[Source material]

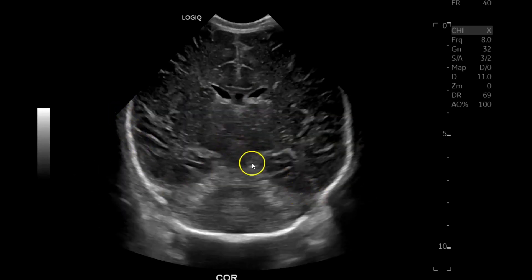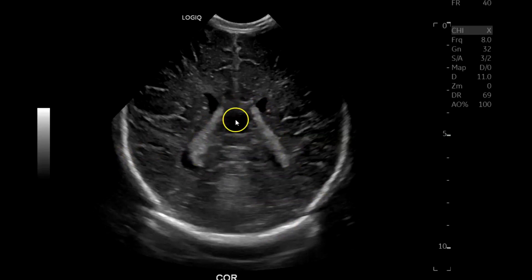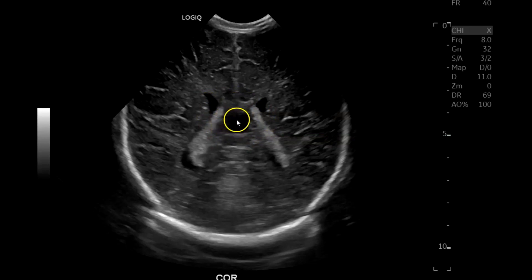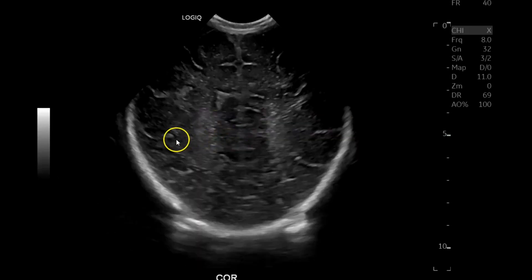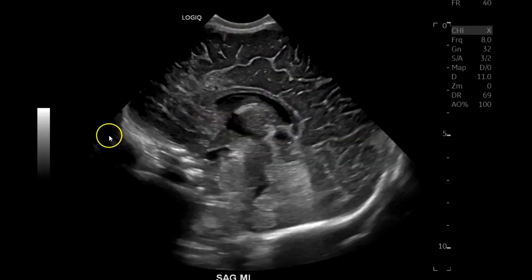Going up by the tentorium, here's the cerebellum, choroid plexus, and cavum vergae. If you see this, put some color Doppler on it because it could appear to be a vein of Galen aneurysm, but that's not the case here. Then all the way posterior, your periventricular white matter in the occipital lobes.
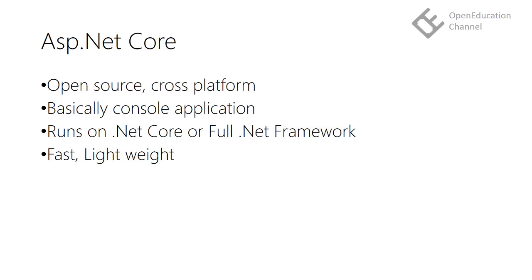All steps will be the same, although you can see the ASP.NET Core on Linux course on Open Education Channel. Next, we will see what is MVC.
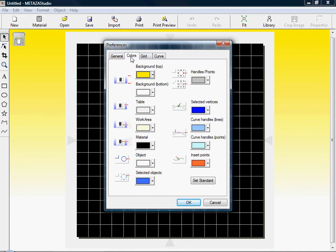Under the Colors tab, we can go in and configure the color of our workspace, as well as our work area, material, objects, and background. Once done, we can click on Grid.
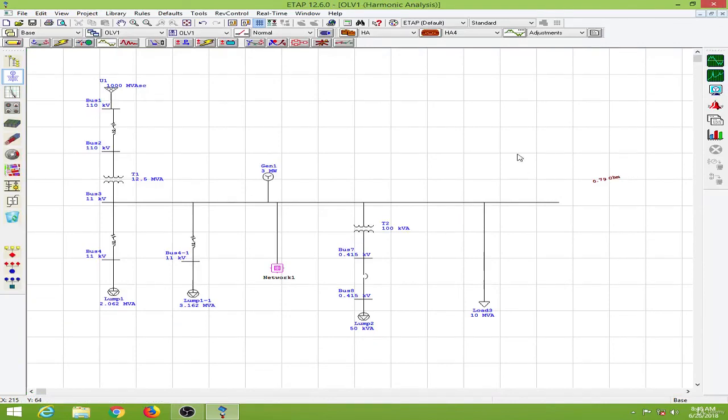And this is how you conduct a harmonic analysis in ETAP. And in the next lesson, we will learn to size a harmonic filter to mitigate the problems caused by harmonics.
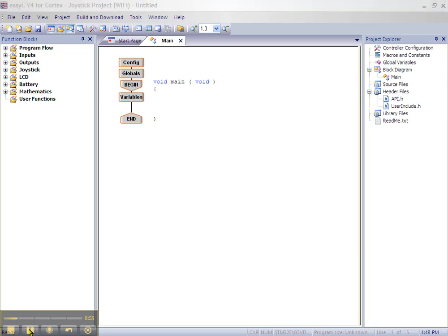We want our robot to continually check back for a fresh command from the joystick, and we will do this using a while loop. Click the plus sign beside the project flow.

[/Source material]

_What you should do_
Hand over the entries again, exactly as written and without the pictures.

_Response to this task_
Going up by the tentorium, here's the cerebellum, choroid plexus, and cavum vergae. If you see this, put some color Doppler on it because it could appear to be a vein of Galen aneurysm, but that's not the case here. Then all the way posterior, your periventricular white matter in the occipital lobes.
All steps will be the same, although you can see the ASP.NET Core on Linux course on Open Education Channel. Next, we will see what is MVC.
Under the Colors tab, we can go in and configure the color of our workspace, as well as our work area, material, objects, and background. Once done, we can click on Grid.
And this is how you conduct a harmonic analysis in ETAP. And in the next lesson, we will learn to size a harmonic filter to mitigate the problems caused by harmonics.
We want our robot to continually check back for a fresh command from the joystick, and we will do this using a while loop. Click the plus sign beside the project flow.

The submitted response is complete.